> _WHAT TO PRODUCE_:
Copy out the full listing exactly, omitting any picture it contains.

> _TASK DATA_:
++++++++++++++++++++

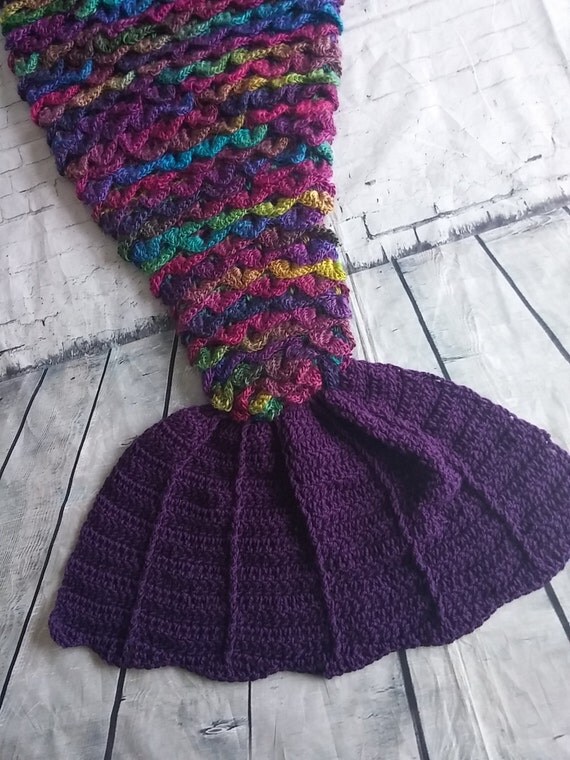 Mermaid tail blanket with fin in crochet by PolkaDotsAndLadyBugs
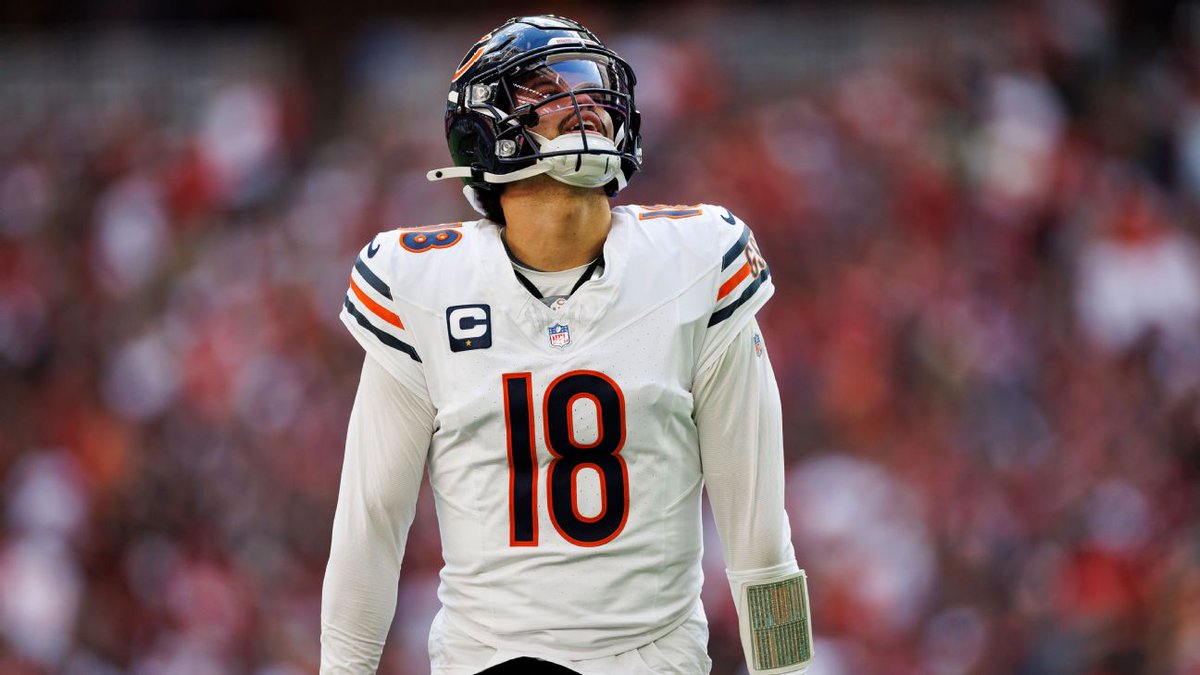 Stud: Caleb Williams is the ONLY rookie QB in NFL history to have:

• 3,300 Passing Yards
• 18 Passing TDs
• 6 or fewer INTs
• 450 Rushing Yards

In their first 16 starts.

The #Bears have a BRIGHT future 📈

(h/t <a href="/RMEChief/">Adam</a>)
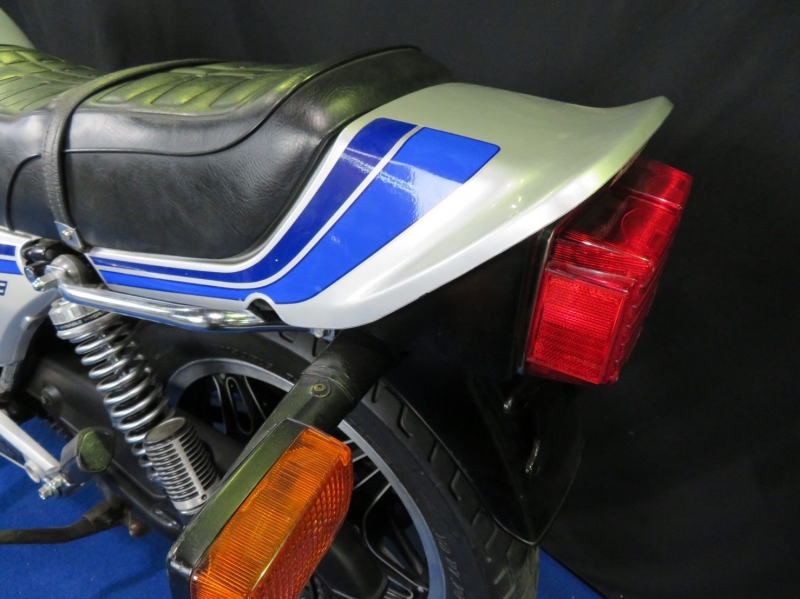 ホンダ CB900FC  加速ポンプ付き純正キャブ 900スペンサー 26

++++++++++++++++++++

> _SOLUTION TO THIS EXERCISE_:
 Mermaid tail blanket with fin in crochet by PolkaDotsAndLadyBugs
 Stud: Caleb Williams is the ONLY rookie QB in NFL history to have:

• 3,300 Passing Yards
• 18 Passing TDs
• 6 or fewer INTs
• 450 Rushing Yards

In their first 16 starts.

The #Bears have a BRIGHT future 📈

(h/t <a href="/RMEChief/">Adam</a>)
 ホンダ CB900FC  加速ポンプ付き純正キャブ 900スペンサー 26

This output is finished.